> _WHAT IS EXPECTED_:
Reproduce only the lines of the material below that start at the line containing "thumbnail image 4" and stop at the line containing "Vintage Brass Sundial Compass Suitcase". Keep both end lines.

> _DATA LISTING_:

((

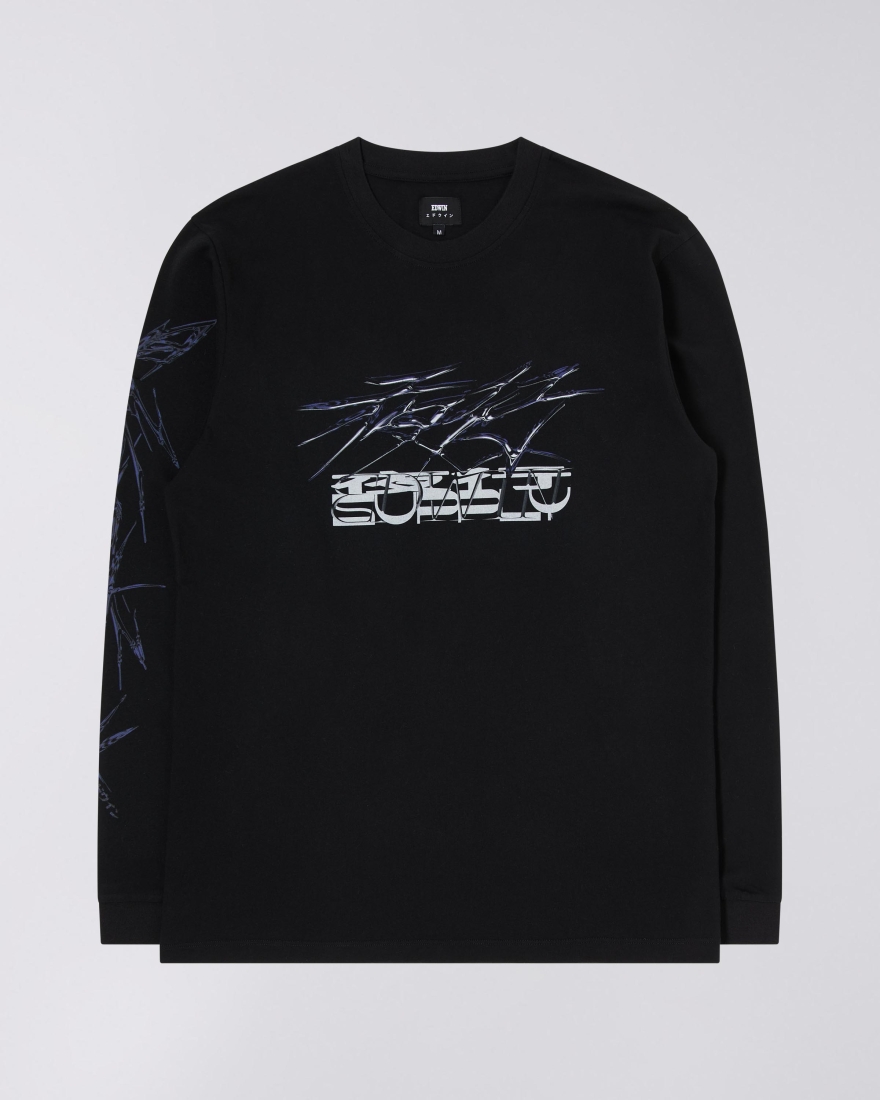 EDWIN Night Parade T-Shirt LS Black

))
((

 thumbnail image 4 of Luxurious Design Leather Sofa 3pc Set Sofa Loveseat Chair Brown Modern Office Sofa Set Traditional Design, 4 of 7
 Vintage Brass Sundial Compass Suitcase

))
((

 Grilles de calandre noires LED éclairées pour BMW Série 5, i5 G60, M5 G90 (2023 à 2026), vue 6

))

> _SOLUTION TO THE EXERCISE_:
 thumbnail image 4 of Luxurious Design Leather Sofa 3pc Set Sofa Loveseat Chair Brown Modern Office Sofa Set Traditional Design, 4 of 7
 Vintage Brass Sundial Compass Suitcase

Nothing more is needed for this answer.